Malang (ANTARA News) - Pakar budaya Institut Keguruan dan Ilmu Pendidikan (IKIP) Budi Utomo Malang Dr Rochsun menyatakan sifat "ladak" atau sombong pada saat ini cenderung menjadi tren bagi kalangan tertentu sebagai pencitraan dirinya atau kelompoknya.

"Pada era kebaruan seperti sekarang, sifat dan sikap sombong banyak digunakan oleh kalangan tertentu maupun pribadi untuk promosi dan pencitraan demi keberlanjutan eksistensi diri," kata Rochsun usai ujian terbuka Program Doktor Ilmu Sosial dan Ilmu Politik) Universitas Muhammadiyah Malang (UMM) di Malang, Jawa Timur, Sabtu.

Dalam disertasinya yang berjudul "Spirit Barong Ider Bumi Masyarakat Using Desa Kemiren Banyuwangi" itu, Rochsun mengemukakan, spirit "ladak" memberikan motivasi kepada suatu tindakan yang tidak cukup hanya dengan melakukan aktivitas dan kreativitas, tetapi harus ada inovasi.

Dalam konteks positif, "ladak" atau sombong adalah sifat dan sikap membanggakan diri yang menghasilkan perilaku dan tindakan yang mengarah pada keberlanjutan atau pemertahanan identitas diri atau kelompok.

"Kalau sifat `ladak` (sombong) baru menjadi kecenderungan masa kini, masyarakat Using justru telah melakukannya cukup lama, bahkan turun-temurun," ujarnya.

Sifat dan sikap "ladak" merupakan satu dari tiga nilai-nilai spirit dalam "Barong Ider Bumi" yang diwariskan turun-temurun bagi masyarakat Using Banyuwangi.

Selain "ladak", spirit "Barong Ider Bumi" itu adalah "aclak", yakni spirit yang memberikan motivasi pada aktivitas individu dalam melakukan pemertahanan dan eksistensi dirinya melalui tindakan yang harus mencari tahu (keingintahuan yang tinggi).

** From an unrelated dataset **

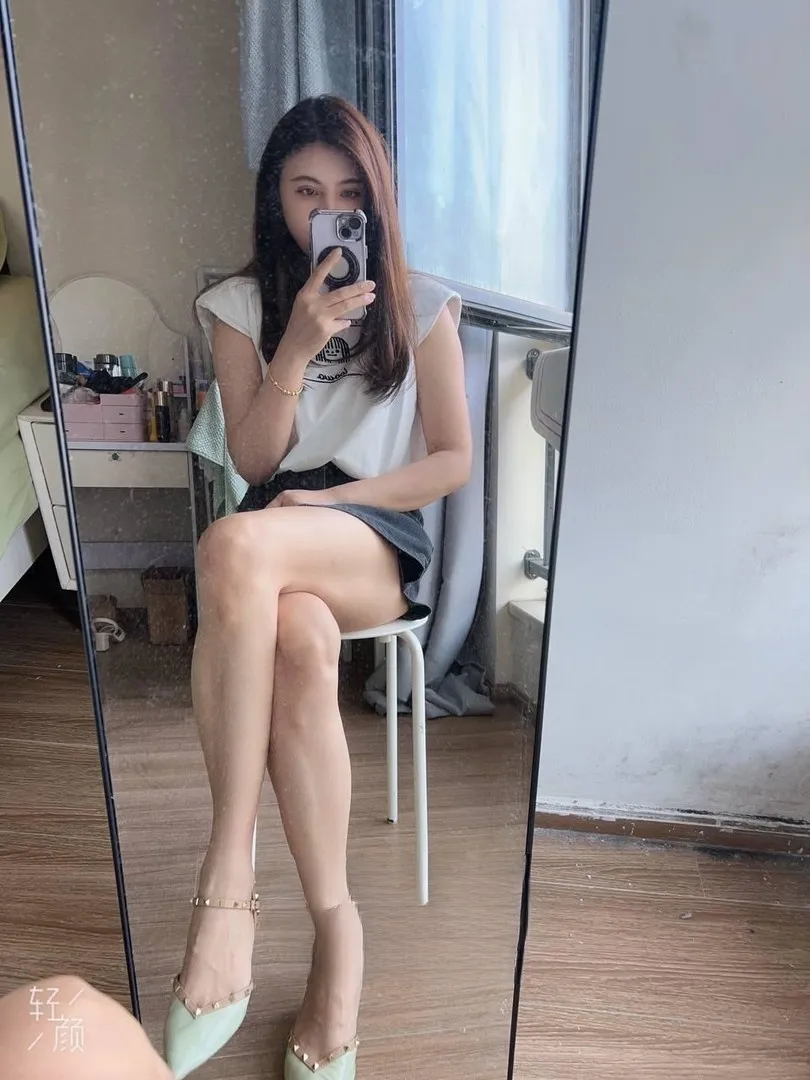 大翘臀擦炮机安妮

Selain itu adalah spirit "bingkak", yakni memberikan motivasi pada aktivitas atau tindakan yang kreatif, meskipun suatu ketika tindakan itu bisa menjadi salah. Artinya selalu melakukan coba-coba (trial and error).


Motivasi

"Nilai-nilai yang terkandung dalam `Barong Ider Bumi` ini mampu menumbuhkan banyak motivasi, seperti ekonomi, sosial, budaya maupun politik (pemerintahan)," ujarnya.

Karena itu, katanya, perlu penataan-penataan yang lebih proporsional agar motivasi tersebut berdampak pada kesejahteraan masyarakat, khususnya masyarakat Using dan Kemiren di Banyuwangi.

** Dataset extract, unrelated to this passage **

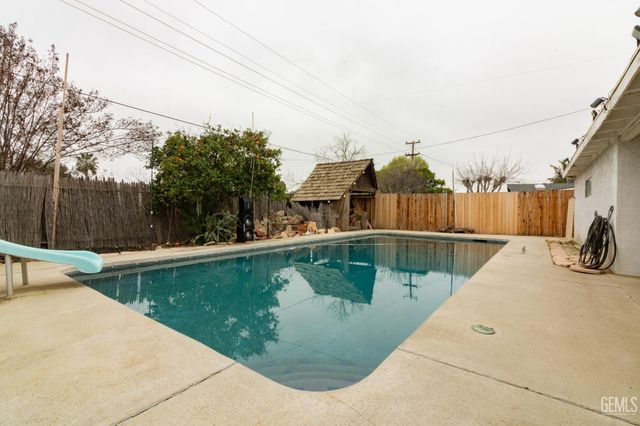 4501 Knoll Drive, Bakersfield, CA 93308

Hanya saja, kata Rochsun, masih diperlukan penelitian lebih lanjut untuk mengetahui apakah spirit yang melekat pada Barong Ider Bumi sebagai aktualisasi diri individu masyarakat Using sebagai aktor itu merupakan anugerah (given) atau sebagai hasil dari interaksi sosial.

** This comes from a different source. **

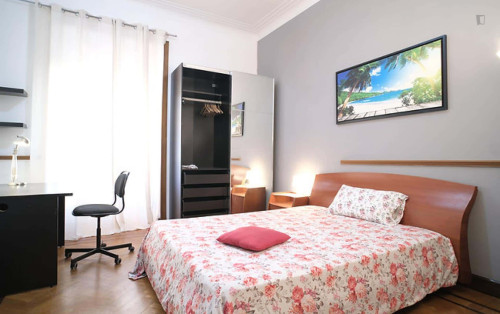 Room in Via Panama, Roma for 120 m² with 4 bedrooms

Ketua Tim Penguji Prof Dr Ishomuddin mengatakan, cerita soal budaya akan banyak bersentuhan dengan mitos. Budaya terbagi menjadi dua bagian, yakni budaya yang terkait agama (refleksi) dan tidak terkait dengan agama (reflaksi).

"Dalam Nahdatul Ulama (NU) ada Islam Nusantara dan wujudnya berwarna warni. Wujud itu merupakan wujud budaya. Di Muhammadiyah tidak ada Islam Nusantara, tapi itu biarkan berkembang,seperti Barong Ider Bum, sebab ini adalah realitas," ujarnya.

Islam tidak pernah kosong dari budaya sehingga terjadi pertentangan refleksi dan bukan refleksi. Studi tentang budaya pasti ada yang menciptakan dan diwariskan menjadi sebuah tradisi, meski tidak tahu siapa yang menciptakan sehingga sangat mudah menciptakan budaya dan mudah pula menghilangkannya.

"Barong Ider Bumi" adalah upacara adat tahunan yang diselenggarakan masyarakat Using Desa Kemiren, Kecamatan Glagah, Kabupaten Banyuwangi, yang diselenggarakan sejak 1830-an dan sampai saat ini masih tetap eksis serta bertahan karena kepatuhan masyarakat Using kepada "Weluri" .

Dr Rochsun yang dipromotori Prof Dr Ishomuddin dengan Ko promotor I Dr Latipun dan Ko Promotor II Dr Muslimin Machmud itu berhasil meraih nilai A dan lulus dengan predikat sangat memuaskan dengan Indeks Prestasi Komulatif 3,9.